Instância de Retemperação.

Incursões

Instância de Retemperação.

A Justiça aos tropeções (mais uma vez...)

José Carlos Pereira, 21.03.22

O recurso anunciado pelo Ministério Público mostra que o bom senso e a clarividência parecem não estar totalmente ausentes dos meios judiciais. Permitir que Mário Machado deixe de cumprir as apresentações periódicas obrigatórias perante as autoridades, de modo a poder combater em milícias da extrema-direita na Ucrânia, é um disparate absolutamente incompreensível. E o juiz ter invocado que Machado ia prestar "ajuda humanitária" é fantástico...

Lições do caso Selminho - Rui Moreira

José Carlos Pereira, 25.01.22

A recente absolvição do presidente da Câmara do Porto, Rui Moreira, no caso Selminho, em que era acusado do crime de prevaricação, fez-me reflectir sobre a minha posição de sempre acerca de políticos acusados pelo Ministério Público e alvo de despacho de pronúncia de um juiz.

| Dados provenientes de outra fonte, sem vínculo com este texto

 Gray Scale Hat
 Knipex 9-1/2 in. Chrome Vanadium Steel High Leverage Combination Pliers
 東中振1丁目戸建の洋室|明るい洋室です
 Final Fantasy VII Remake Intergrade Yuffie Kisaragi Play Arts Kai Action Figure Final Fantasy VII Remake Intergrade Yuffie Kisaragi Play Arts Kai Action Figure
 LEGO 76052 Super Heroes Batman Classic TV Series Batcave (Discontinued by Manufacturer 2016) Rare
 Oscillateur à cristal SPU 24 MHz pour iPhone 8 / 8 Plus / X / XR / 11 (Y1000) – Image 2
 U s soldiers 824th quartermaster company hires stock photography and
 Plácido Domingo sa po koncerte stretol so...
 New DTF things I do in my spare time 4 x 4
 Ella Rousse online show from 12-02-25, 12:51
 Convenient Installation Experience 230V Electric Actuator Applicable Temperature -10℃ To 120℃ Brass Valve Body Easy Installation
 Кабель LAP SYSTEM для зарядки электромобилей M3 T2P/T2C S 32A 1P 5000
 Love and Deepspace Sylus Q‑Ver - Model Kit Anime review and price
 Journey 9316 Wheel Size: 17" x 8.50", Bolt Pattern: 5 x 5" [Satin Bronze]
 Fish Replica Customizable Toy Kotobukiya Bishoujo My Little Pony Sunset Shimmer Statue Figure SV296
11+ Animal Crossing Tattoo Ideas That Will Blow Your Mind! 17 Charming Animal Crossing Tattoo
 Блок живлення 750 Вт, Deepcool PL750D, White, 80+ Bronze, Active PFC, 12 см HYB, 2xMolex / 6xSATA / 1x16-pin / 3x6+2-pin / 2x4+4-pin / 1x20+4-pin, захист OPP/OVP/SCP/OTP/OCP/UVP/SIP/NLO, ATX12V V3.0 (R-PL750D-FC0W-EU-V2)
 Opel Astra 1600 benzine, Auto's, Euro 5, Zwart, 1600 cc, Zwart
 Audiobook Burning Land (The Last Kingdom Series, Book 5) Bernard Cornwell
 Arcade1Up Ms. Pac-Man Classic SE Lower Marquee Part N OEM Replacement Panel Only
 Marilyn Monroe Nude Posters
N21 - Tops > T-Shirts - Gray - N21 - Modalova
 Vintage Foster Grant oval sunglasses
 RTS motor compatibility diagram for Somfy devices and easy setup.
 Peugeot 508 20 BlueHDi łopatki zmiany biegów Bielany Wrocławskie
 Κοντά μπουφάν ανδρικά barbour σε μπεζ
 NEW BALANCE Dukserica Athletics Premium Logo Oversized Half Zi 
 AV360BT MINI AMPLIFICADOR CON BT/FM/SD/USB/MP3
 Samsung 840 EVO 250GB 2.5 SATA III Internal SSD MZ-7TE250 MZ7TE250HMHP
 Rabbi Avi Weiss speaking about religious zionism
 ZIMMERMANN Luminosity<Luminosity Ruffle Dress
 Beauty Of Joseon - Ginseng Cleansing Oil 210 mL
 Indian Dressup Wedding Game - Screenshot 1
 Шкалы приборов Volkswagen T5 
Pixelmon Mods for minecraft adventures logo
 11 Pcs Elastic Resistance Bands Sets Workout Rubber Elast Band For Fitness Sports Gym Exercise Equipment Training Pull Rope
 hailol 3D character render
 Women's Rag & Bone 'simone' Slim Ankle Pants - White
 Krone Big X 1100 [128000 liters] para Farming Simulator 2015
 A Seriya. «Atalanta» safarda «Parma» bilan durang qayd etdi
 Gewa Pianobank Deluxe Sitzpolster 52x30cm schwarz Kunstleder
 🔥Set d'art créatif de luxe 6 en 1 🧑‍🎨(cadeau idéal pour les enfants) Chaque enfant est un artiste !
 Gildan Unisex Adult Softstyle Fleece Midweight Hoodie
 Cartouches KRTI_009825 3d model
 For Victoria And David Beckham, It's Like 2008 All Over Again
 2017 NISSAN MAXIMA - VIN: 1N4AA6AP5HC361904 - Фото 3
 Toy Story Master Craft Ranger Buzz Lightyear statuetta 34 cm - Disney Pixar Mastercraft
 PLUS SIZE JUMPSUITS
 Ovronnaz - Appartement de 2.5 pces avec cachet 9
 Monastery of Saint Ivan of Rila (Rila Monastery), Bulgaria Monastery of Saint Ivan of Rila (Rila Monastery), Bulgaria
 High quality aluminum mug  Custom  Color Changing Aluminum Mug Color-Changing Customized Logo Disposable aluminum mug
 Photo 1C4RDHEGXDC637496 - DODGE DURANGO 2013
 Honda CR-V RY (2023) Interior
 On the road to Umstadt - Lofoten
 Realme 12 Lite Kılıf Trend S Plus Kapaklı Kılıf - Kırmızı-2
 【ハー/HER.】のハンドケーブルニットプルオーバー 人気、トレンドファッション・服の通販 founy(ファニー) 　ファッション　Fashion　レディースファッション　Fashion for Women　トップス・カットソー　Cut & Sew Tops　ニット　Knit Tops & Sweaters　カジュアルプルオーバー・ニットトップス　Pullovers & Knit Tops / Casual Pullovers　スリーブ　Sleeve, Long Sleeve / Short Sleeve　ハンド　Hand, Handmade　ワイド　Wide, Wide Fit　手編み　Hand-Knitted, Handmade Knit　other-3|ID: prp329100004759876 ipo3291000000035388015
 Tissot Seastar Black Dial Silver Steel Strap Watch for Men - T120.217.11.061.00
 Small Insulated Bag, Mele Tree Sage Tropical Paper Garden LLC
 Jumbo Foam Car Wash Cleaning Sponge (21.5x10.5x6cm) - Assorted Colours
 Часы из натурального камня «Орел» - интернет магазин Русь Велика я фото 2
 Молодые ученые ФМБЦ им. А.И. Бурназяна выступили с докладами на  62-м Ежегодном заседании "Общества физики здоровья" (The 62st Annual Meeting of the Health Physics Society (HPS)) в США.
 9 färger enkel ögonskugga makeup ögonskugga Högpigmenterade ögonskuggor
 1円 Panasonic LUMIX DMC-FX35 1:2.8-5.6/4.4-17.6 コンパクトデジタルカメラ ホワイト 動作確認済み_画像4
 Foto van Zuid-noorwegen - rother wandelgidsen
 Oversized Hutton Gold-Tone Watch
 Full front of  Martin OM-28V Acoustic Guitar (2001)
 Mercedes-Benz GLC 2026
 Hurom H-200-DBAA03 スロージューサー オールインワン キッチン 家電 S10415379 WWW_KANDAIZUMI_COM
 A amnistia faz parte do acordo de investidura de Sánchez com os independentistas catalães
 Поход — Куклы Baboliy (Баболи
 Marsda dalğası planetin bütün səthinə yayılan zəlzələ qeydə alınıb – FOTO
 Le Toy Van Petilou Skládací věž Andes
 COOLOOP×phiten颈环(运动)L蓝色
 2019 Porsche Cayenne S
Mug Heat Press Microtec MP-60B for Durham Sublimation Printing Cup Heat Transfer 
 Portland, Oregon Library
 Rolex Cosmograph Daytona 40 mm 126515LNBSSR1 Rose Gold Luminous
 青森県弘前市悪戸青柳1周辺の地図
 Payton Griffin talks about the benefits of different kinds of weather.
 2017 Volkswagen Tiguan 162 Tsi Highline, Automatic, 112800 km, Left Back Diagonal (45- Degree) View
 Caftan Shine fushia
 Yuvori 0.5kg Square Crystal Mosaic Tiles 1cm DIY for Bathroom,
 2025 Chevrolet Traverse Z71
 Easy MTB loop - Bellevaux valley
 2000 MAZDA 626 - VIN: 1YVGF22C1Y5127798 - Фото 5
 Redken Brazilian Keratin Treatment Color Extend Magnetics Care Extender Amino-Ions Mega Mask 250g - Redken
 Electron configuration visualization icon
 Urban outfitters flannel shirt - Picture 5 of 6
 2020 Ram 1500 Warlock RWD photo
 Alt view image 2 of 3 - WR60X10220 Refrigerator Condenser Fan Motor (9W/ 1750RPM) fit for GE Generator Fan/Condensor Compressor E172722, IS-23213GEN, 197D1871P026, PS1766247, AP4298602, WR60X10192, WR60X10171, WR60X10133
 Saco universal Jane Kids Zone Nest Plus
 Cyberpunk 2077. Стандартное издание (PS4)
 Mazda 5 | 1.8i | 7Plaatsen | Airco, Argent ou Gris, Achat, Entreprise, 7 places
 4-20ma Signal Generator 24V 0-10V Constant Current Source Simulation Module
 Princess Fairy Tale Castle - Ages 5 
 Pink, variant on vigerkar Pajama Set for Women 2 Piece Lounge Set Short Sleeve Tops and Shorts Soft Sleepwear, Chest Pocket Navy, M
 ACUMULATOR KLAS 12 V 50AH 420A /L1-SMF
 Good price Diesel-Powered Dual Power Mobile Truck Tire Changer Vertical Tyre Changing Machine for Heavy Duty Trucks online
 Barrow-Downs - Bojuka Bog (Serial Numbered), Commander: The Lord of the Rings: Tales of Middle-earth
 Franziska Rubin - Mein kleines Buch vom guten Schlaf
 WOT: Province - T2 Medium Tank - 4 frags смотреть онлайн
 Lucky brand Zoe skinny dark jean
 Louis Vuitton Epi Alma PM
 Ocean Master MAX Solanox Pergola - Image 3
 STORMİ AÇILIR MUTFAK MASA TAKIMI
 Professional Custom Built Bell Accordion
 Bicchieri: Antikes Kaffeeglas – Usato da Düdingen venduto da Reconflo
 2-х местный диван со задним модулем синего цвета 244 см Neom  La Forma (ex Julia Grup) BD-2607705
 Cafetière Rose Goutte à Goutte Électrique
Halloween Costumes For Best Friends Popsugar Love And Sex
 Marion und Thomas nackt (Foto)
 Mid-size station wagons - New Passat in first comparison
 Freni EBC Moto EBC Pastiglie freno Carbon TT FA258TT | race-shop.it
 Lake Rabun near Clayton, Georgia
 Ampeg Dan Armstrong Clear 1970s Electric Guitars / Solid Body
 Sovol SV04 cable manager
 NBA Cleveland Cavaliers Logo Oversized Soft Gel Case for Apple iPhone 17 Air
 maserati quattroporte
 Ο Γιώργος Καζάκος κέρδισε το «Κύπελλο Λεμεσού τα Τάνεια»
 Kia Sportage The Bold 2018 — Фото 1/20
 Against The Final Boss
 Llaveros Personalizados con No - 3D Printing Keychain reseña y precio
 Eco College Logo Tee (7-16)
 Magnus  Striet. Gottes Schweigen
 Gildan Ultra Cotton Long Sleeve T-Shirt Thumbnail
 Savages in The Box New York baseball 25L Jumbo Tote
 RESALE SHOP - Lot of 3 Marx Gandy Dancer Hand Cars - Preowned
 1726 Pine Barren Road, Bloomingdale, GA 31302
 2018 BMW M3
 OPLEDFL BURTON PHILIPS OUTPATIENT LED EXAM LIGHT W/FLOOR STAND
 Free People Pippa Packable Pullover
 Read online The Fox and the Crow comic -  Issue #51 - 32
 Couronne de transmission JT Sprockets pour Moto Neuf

Sempre defendi que um político em exercício de funções deveria demitir-se ou, pelo menos suspender funções, em caso de acusação, de modo a preservar o bom nome do órgão que integra e a não contaminar essa entidade com o curso normal da respectiva defesa em Tribunal. Defendi essa tese muitas vezes, em benefício da sanidade do própria sistema político, inclusivamente perante casos conhecidos que acompanhei de perto quando fui autarca em Marco de Canaveses.

Contudo, este caso de Rui Moreira, que desde cedo me pareceu muito pouco consistente, em função do que era do domínio público, veio colocar a questão num outro patamar. Se porventura Rui Moreira tivesse suspendido funções e não se tivesse recandidatado à presidência da Câmara do Porto, pelo facto de estar a aguardar julgamento, estaria agora afastado da autarquia portuense, com o fraco consolo de se ver absolvido com o voto unânime do colectivo de juízes. O processo conduzido pelos magistrados teria produzido efeitos políticos, afastando o titular do cargo para que fora eleito, pese embora vir a resultar num flop jurídico, como foi o caso (pese embora o Ministério Público já tenha anunciado a intenção de recorrer da sentença).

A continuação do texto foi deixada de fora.